If however folks related discharge you have an idea how much water your looking at and may realize that the difference between some known stream and the new one your discussing. Now I fully realize that discharge alone doesn't define a streams character but you can quickly start putting the pieces together if you know it's running at a 100, a 1000 or 10k cfs. Add a picture or discussion of gradient and width and you now can have a good idea what your looking at and can begin to formulate more questions based on these more subtle details.

Thanks Shapp.


----------



## zcollier (Jan 1, 2004)

Yes it would be great to have a consistent way to measure flow on the Middle Fork, but comparing flow in feet is so ingrained in the culture that it would be hard to make that changes. I feel that it's nice to follow the tradition and culture.

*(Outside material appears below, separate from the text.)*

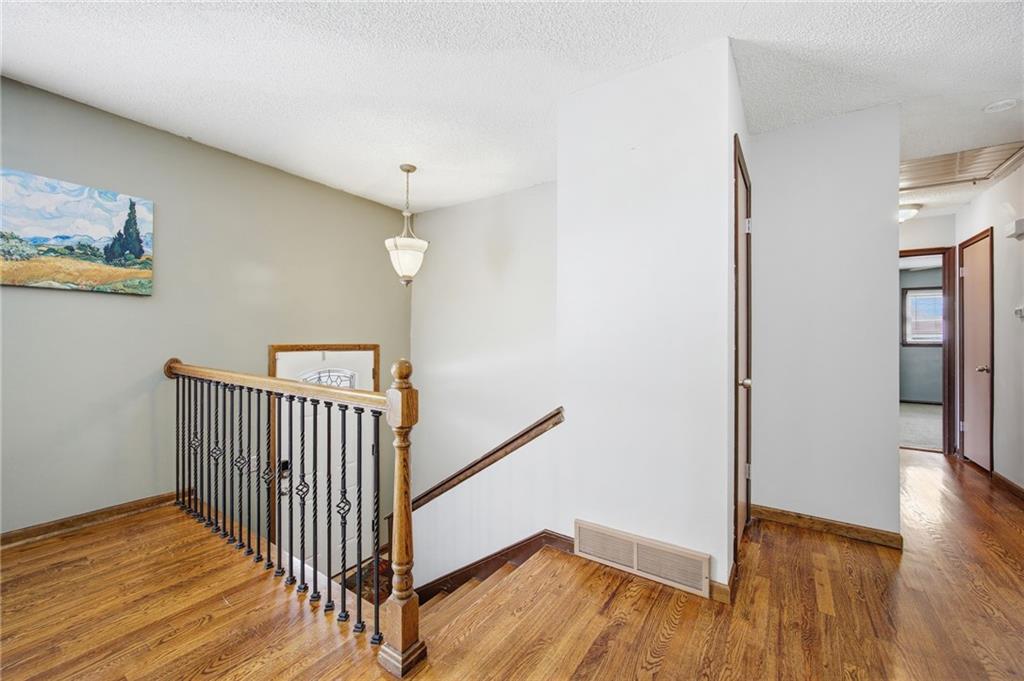Photo 4 of 9214 Mastin Street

The flow (in cfs) of the Middle Fork at the confluence is at least double and even triple what is is at Boundary Creek. Would you refer to the flow at put-in, Middle Fork Lodge, the confluence with the Main Salmon, or somewhere else?


----------



## elkhaven (Sep 11, 2013)

zcollier said:


> Yes it would be great to have a consistent way to measure flow on the Middle Fork, but comparing flow in feet is so ingrained in the culture that it would be hard to make that changes. I feel that it's nice to follow the tradition and culture.
> 
> The flow (in cfs) of the Middle Fork at the confluence is at least double and even triple what is is at Boundary Creek. Would you refer to the flow at put-in, Middle Fork Lodge, the confluence with the Main Salmon, or somewhere else?


It's certainly ingrained, but does that make it any more useful? As for where to use as a baseline, the feet on the gauge at each section mentioned is also very different and not directly comparable, so following the current tradition and basing discussions at Boundary creek would be just as "traditional" (but ultimately more useful). That said, I know it's not going to change. But in a perfect world wouldn't it be nice?


----------



## zcollier (Jan 1, 2004)

Yes, in a perfect world it would be nice.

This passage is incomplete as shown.